Uit wat in 4.10 is overwogen, volgt dat niet is voldaan aan de voorwaarden van
artikel 54, eerste lid, van de WWB, zodat het college niet bevoegd was om het recht op bijstand van appellante op te schorten. Daarom was het college evenmin bevoegd om met toepassing van artikel 54, vierde lid, van de WWB de bijstand met ingang van 11 maart 2014 in te trekken. De rechtbank heeft dit niet onderkend.
4.12.
De Raad ziet aanleiding dit gebrek met toepassing van artikel 6:22 van de Algemene wet bestuursrecht te passeren, nu niet aannemelijk is dat appellante door het gebrek in de motivering van het bestreden besluit is benadeeld, en overweegt daartoe als volgt. Het college is terecht tot het oordeel gekomen dat, gelet op wat onder 4.6 is overwogen, ook over de periode van 11 maart 2014 tot en met 26 mei 2014 het recht op bijstand niet kan worden vastgesteld wegens schending van de inlichtingenverplichting. Dit betekent dat het college op grond van artikel 54, derde lid, van de WWB gehouden was de bijstand ook over deze periode in te trekken.
4.13.
Uit 4.1 tot en met 4.12 volgt dat de aangevallen uitspraak moet worden bevestigd, gelet op 4.11 met verbetering van de gronden.

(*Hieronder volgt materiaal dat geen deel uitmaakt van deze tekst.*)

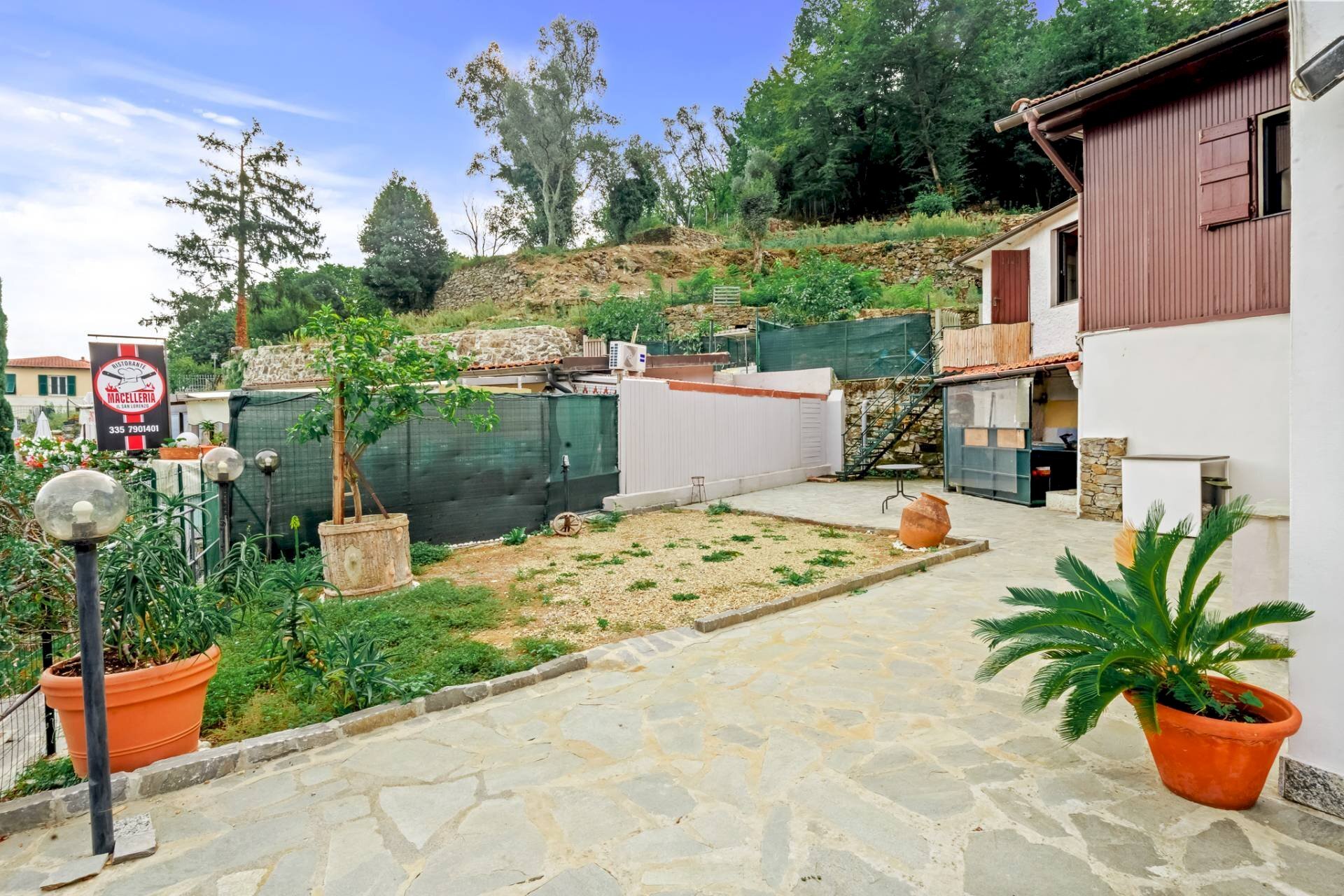 Foto 3 - Casa indipendente Via Aurelia
 
117, Santa Margherita Ligure - foto 3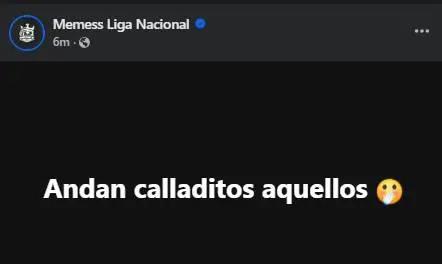 Divertidos memes luego de la derrota del Real Madrid ante Osasuna; Barcelona disfruta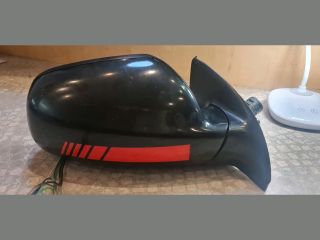 bontott PEUGEOT 307 Jobb Visszapillantó Tükör (Elektromos)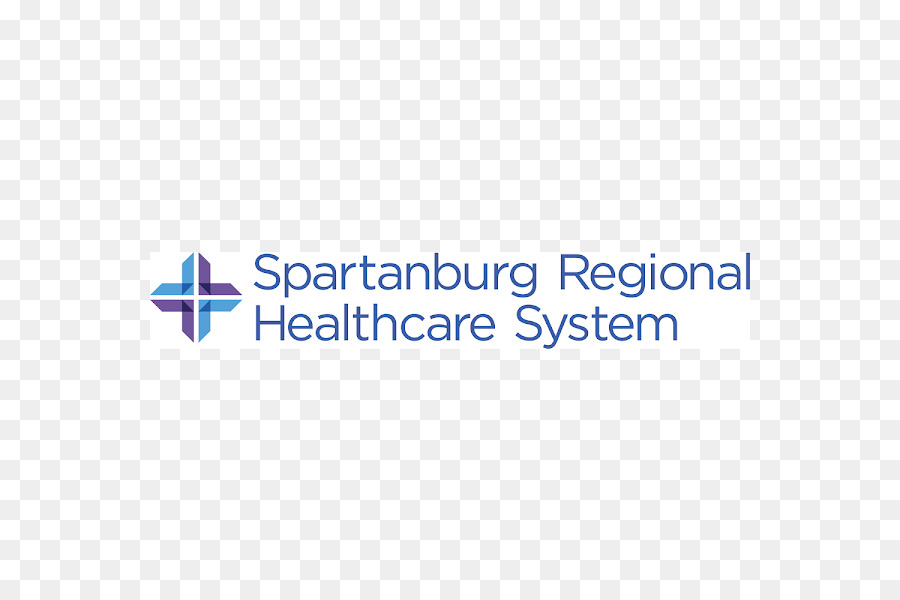 Spartanburg الإقليمية نظام الرعاية الصحية，شعار PNG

5. Aanleiding bestaat het college te veroordelen in de proceskosten van appellante tot een bedrag van € 990,- in beroep en € 990,- in hoger beroep voor verleende rechtsbijstand, in totaal € 1.980,-.

BESLISSING

De Centrale Raad van Beroep
- bevestigt de aangevallen uitspraak;
- veroordeelt het college in de proceskosten van appellante tot een bedrag van € 1.980,-;
- bepaalt dat het college aan appellante het betaalde griffierecht in beroep en hoger beroep van
€ 168,- voldoet.
Deze uitspraak is gedaan door A. Stehouwer als voorzitter en M. Hillen en J.L. Boxum als leden, in tegenwoordigheid van L.V. van Donk als griffier. De beslissing is uitgesproken in het openbaar op 3 oktober 2017.